Увадьев уезжал на другое же утро. В ожидании дрезины он ходил вместе с Горешиным вдоль заводского пути, задевая портфелем за седые головки какой-то сорной травы. Зная что-то, Горешин намекал на несвоевременность отъезда, а Увадьев сердился и не понимал, потому что принимал его за паникера. И опять Горешин наводил разговор на неспокойствие окрестных деревень, на опасное безделье безработных, на десятки мелочей, грозивших разрастись в отсутствие управляющего Сотьстроем.
– Ты что-то мямлишь… Не то рвет тебя, не то от тесных сапогов страдаешь. Вот и дрезину подают. Может, проводишь меня?
Тот уклончиво пощелкал языком и вдруг, решась, полез в боковой карман.

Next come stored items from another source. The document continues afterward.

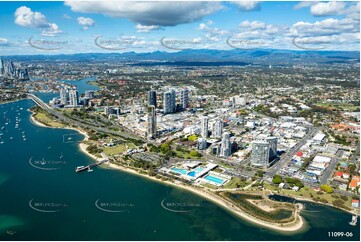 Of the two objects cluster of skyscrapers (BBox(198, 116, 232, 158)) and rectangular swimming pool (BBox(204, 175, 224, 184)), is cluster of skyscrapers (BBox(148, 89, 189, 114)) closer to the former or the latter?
cluster of skyscrapers (BBox(198, 116, 232, 158))

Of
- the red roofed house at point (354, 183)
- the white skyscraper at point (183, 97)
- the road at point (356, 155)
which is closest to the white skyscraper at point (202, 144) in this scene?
the red roofed house at point (354, 183)

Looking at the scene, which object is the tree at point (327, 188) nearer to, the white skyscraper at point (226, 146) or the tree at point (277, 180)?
the tree at point (277, 180)

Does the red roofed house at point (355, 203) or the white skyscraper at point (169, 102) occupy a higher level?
the white skyscraper at point (169, 102)

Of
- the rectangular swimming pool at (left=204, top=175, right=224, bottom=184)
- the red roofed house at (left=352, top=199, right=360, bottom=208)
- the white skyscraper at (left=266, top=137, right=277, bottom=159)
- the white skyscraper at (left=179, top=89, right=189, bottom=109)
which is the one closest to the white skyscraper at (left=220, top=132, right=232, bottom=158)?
the white skyscraper at (left=266, top=137, right=277, bottom=159)

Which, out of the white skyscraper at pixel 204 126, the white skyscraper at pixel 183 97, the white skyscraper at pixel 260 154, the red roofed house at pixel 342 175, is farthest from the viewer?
the white skyscraper at pixel 183 97

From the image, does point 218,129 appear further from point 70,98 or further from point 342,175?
point 70,98

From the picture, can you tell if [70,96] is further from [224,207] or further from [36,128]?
[224,207]

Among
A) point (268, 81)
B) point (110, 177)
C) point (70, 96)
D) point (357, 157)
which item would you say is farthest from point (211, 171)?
point (268, 81) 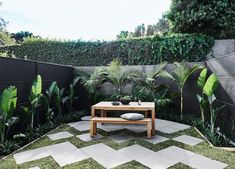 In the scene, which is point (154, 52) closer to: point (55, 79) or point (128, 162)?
point (55, 79)

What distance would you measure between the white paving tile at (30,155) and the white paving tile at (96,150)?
2.17 ft

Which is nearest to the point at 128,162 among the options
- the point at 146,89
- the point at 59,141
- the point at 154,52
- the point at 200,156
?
the point at 200,156

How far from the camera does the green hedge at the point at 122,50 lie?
6828 mm

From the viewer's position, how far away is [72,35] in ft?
27.3

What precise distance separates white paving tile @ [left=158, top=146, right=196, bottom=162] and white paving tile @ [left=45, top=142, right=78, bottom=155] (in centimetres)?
161

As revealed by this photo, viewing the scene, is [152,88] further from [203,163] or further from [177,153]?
[203,163]

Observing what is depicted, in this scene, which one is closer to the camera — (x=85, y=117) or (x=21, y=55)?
(x=85, y=117)

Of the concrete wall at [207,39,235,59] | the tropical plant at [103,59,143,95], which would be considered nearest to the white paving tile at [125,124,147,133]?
the tropical plant at [103,59,143,95]

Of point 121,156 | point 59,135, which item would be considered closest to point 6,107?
point 59,135

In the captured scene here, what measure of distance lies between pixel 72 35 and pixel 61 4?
1618mm

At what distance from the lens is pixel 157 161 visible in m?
2.90

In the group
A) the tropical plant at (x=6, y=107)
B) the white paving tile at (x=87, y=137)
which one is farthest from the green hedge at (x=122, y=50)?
the tropical plant at (x=6, y=107)

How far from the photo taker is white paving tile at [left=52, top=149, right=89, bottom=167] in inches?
113

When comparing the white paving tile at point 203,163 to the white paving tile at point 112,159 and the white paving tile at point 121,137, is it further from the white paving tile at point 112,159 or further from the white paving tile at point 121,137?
the white paving tile at point 121,137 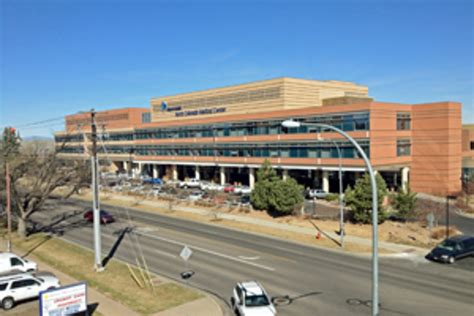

– Нет, мне в другое место пора… Слушай, Иван Абрамыч, я кое-какой материал из стенгазеты прихватил. Посмотришь?
– Стишки?
– На этот раз картинка.
– А ну, повесели перед отъездом!
Неумелый, но бойкий рисунок изображал место строительства, торчал подъемный кран, правдоподобная копия германского подъемника, только что смонтированного на Соти, и очень убедительно валялась разбитая цементная бочка. За колючей проволокой, чуть не повисая на ее шипах, толпились худые, рваные люди, бесчисленное множество людей, а среди них женщины с ребятами на руках, – посреди же трудился над каким-то ящиком Увадьев, весь в поту и один-одинешенек; его легко было узнать по взбежистым бровям и по скупым, в обтяжку, сапогам. Подпись разделана была цветными карандашами: «Социализм по Увадьеву».
– Очень неплохо намалявил! Это тот самый, чернявый такой? Как, как его фамилия? – говорил Увадьев, и в лице его не прочесть было ни улыбки, ни досады. – Очень похоже. Надо его выдвинуть непременно!
– …за ворота, что ли? – прищурился тот.
– Зачем же, в работу пускай его! Чего таланту на картинках пропадать. Хотя бы на твое место выдвинуть, очень недурно. – Он сложил бумажку пополам, ногтем провел по сгибу и глянул прямо в глаза Горешина. – Ты зачем мне это суешь? Стращаешь, что ли? На поводу у крикунов плетешься…
– Я, погоди, еще баб на тебя напущу… жен. Это ты, ты урезал пособие. Они тебя порастрясут!
– Кстати, парнишка этот партийный? Надо, надо выдвинуть… – задумчиво произнес Увадьев, поднимаясь в дрезину. – А за Ренне, что недосмотрел, ты мне потом крепко ответишь!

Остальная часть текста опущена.